Zamin’s first major investment was a 50% stake in the Bamin iron ore project in Bahia, Brazil, which it sold in 2010 for US$735 million to joint-venture partner ENRC, a financial company based in Kazakhstan. Zamin owns three projects in Brazil — Greystone, Zamapa and Susa — and the Valentines project in Uruguay.
Anglo American says it never considered Amapa a long-term asset, but after acquiring the operation after buying the Minas Rio project from Brazilian tycoon Eike Batista in 2008, production rose from 1.2 million tonnes to 4.8 million tonnes in 2011.

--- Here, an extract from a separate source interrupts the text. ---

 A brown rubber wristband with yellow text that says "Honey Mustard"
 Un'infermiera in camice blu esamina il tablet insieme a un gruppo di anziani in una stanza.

Cliffs, which owns the remaining 30% stake in Amapa, reported an 8-K filing to the U.S. Securities and Exchange Commission in late 2012 that its board had approved the sale, and that the company would record a pre-tax, non-cash impairment charge of US$380 million to US$420 million in its financial statements as of Dec. 31. It does not expect that selling its interest in Amapa will result in material future cash expenditures.
Zamin — which has group offices in Sao Paulo, Montevideo and Dubai, and representative offices in London and Zug — says the company aims to become a leading supplier of direct reduction and blast furnace iron-ore pellet fines to the global steel industry.
For its part, Anglo American is increasing its position in the iron ore market with projects in South Africa and Brazil. It notes that future growth would come from its Minas-Rio project in Brazil, and expansion at the Kolomela mine in the Northern Cape.
The company’s 100%-owned Minas-Rio greenfield project is expected to produce 26.5 million tonnes of iron ore per year in its first phase, and reach full production in 2014. In November it told investors that preliminary conclusions from a cost review suggest that the capex for the project is “unlikely to be less than the US$8-billion upper end of the current range of analysts’ expectations.” Initially, the project was estimated to cost US$5 billion. Licensing challenges have also delayed estimates for “first ore on ship” until the second half of 2014.
Minas-Rio will include open-pit mines and a beneficiation plant in Minas Gerais producing high-grade pellet feed. Once completed, the ore will travel through a 525-km slurry pipeline to the port of Acu. Anglo owns 49% in LLX Minas-Rio, which owns Acu port.